In addition to the aforementioned literature, our observations indicated that HCWs working in diagnosis, treatment and care of COVID-19 are in need of information and support regarding the prevention of skin injuries developing on the face region after long term intensive use of PPE and of breathing difficulties they experience. Considering that studies on this issue will contribute to the development of prevention strategies in daily clinical routine and new technological products, we attempted to investigate the effect of a kit, which we produced with prophylactic dressing, ear saver strap and nasal strip, and termed as ‘‘face protection kit for HCWs'’ on the prevention of PPE associated skin injuries and PIs. An important contribution of the present study to the literature may be that the effect of nasal strip on comfortable breathing of HCWs with mask was evaluated.

2. Materials and methods

2.1. Study design

The present study was designed as a comparative observational study in order to determine the effect of face protection kit (prophylactic dressing, nasal strip and ear saver strap) on the prevention of facial skin injuries and PIs associated with PPE use and breathing comfort in HCWs working in the diagnosis, treatment and care of COVID-19 patients.

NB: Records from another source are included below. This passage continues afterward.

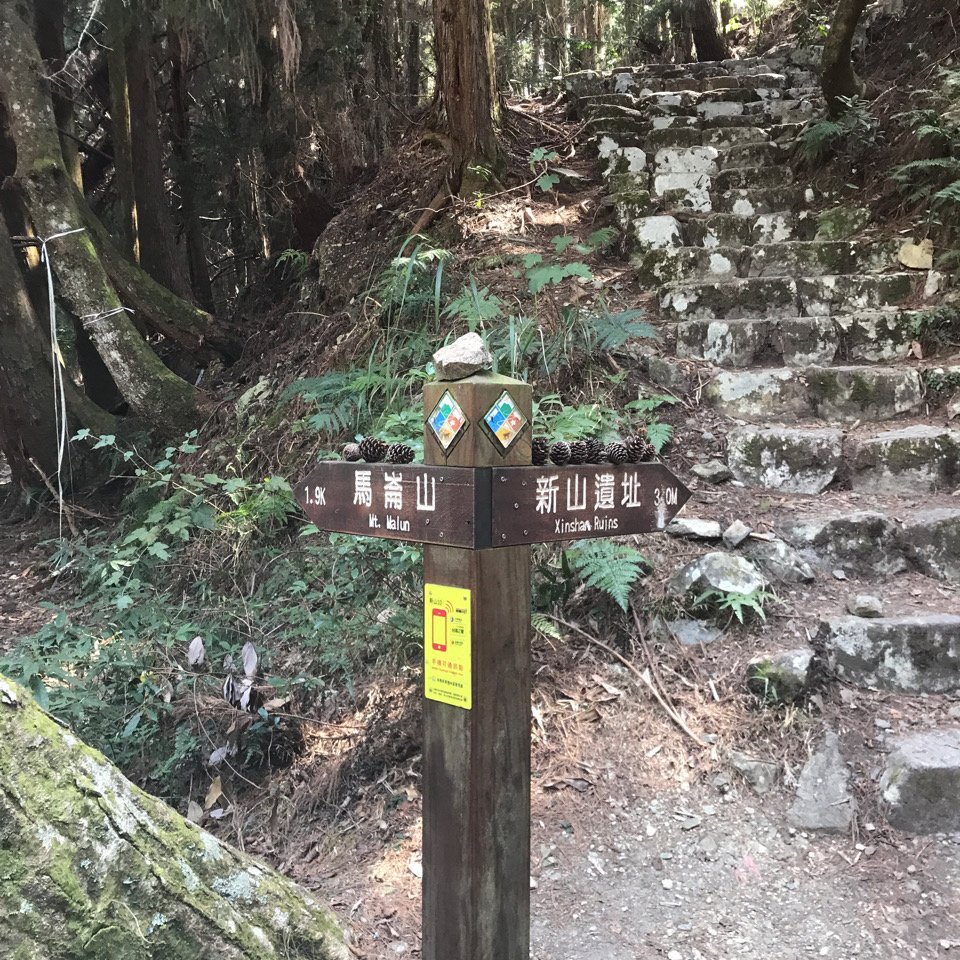 谷關七雄 馬崙山（老二）2023.03.04_2051354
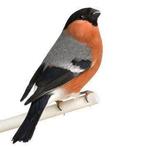 Noorse goudvink Man, Mannelijk, Wildzangvogel, Geringd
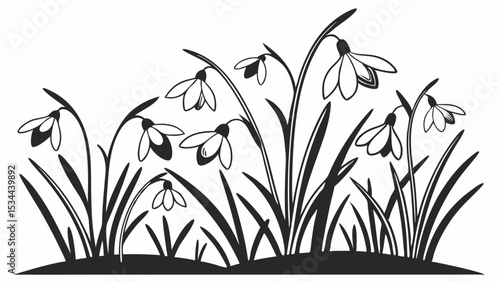 Black and White Line Art Illustration Spring Snowdrop Flowers Blooming in Grass Nature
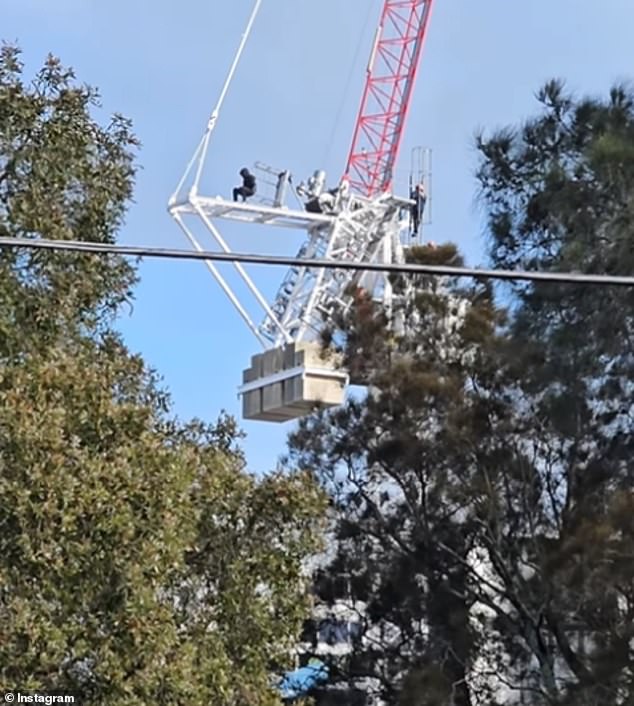 A man has been spotted on a crane in Bondi Junction, Sydney's east, as emergency services try to get him down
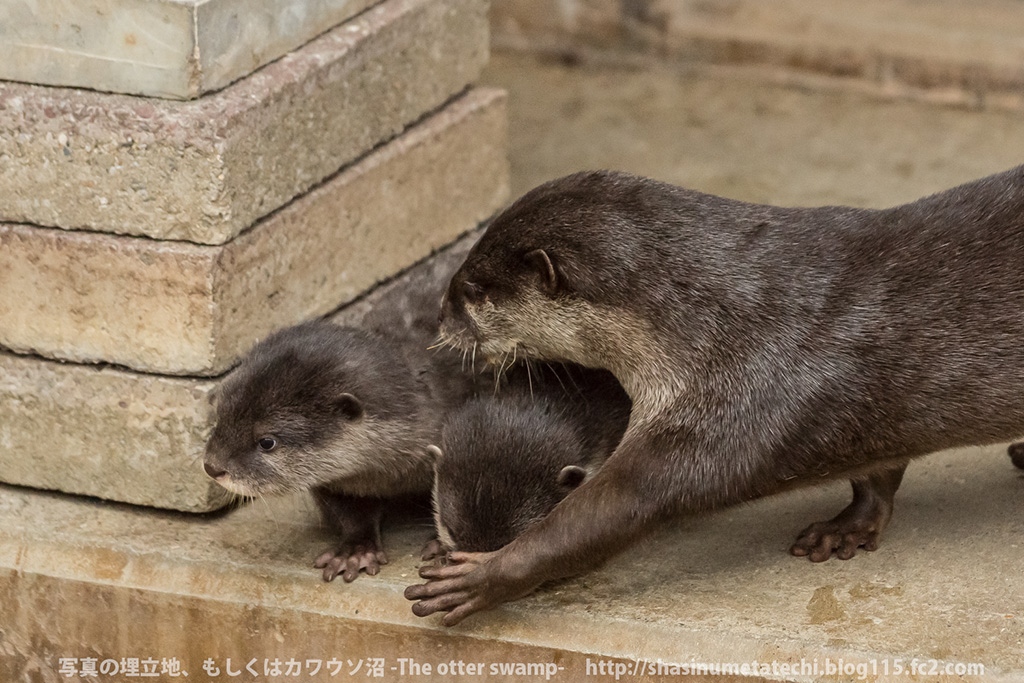 Mother Otter Keeps Her Pups Away from Mischief and Carries Them Back to the Den 3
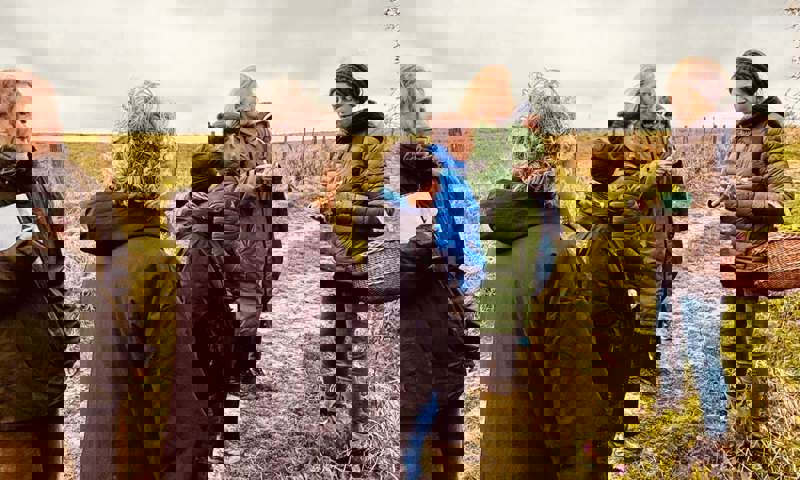 Ad Gefrin Foraging Edit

2.2. Hypotheses of the study

  • 1.

    Using prophylactic dressing and ear saver strap exerts effect on the prevention of skin injuries and PIs associated with PPE use in HCWs.

  • 2.

    Using prophylactic dressing, nasal strip and ear saver strap exerts effect on the prevention of skin injuries and PIs and in helping HCWs to breathe more comfortably.

2.3. Participants

Purposeful sampling method was used in the determination of study participants. 48 HCWs (Control Group-CG, n = 20; Experimental Group 1-EG1, n = 20; Experimental Group 2-EG2, n = 8) who worked in the diagnosis, treatment and care of COVID-19 patients in a training and research hospital in Ankara with 250 bed capacity and volunteered to enter the study. HCWs were randomly allocated to groups by the reseacher using their work shift list.

2.4. Ethical considerations

Prior to the study, ethical permission was obtained from Republic of Turkey Ministry of Health, Scientific Researches Platform, with the approval dated May 02, 2020 and numbered 2020-05-02T09_49_46. Participants volunteering to participate in the study were informed and their verbal consent was obtained.

2.5. Data collection tool

In the collection of data, Data Collection Form developed by researchers in view of the literature was used [9,17,26]. Data Collection Form consists of two parts. In the first part, questions on demographic characteristics of HCWs and their experiences and opinions regarding PPE were asked (7 questions). In the second part of the form, types and location of skin injuries associated with PPE were questioned. In this part, skin injuries were tabulated. In the left column, type of injury and in the right column, description, explanation and location of injury (forehead, nasal bridge, right cheek, left cheek, right ear, left ear, chin, posterior part of the head) were shown. Skin injuries were grouped as follows; blanchable erythema of intact skin, rash, itching, skin lesions (papule, pustule etc.) and PIs. PIs were classified according to National Pressure Injury Advisory Panel (NPIAP) PI staging system as Stage 1 PI, Stage 2 PI, Stage 3 PI, Stage 4 PI, Unstageable PI, Deep Tissue PI. With an additional question, the satisfaction level of HCWs in associated with PPE were evaluated with Visual Analogue Scale (VAS) between 1 and 10 point (1:I am not satisfied at all and 10: I am very satisfied).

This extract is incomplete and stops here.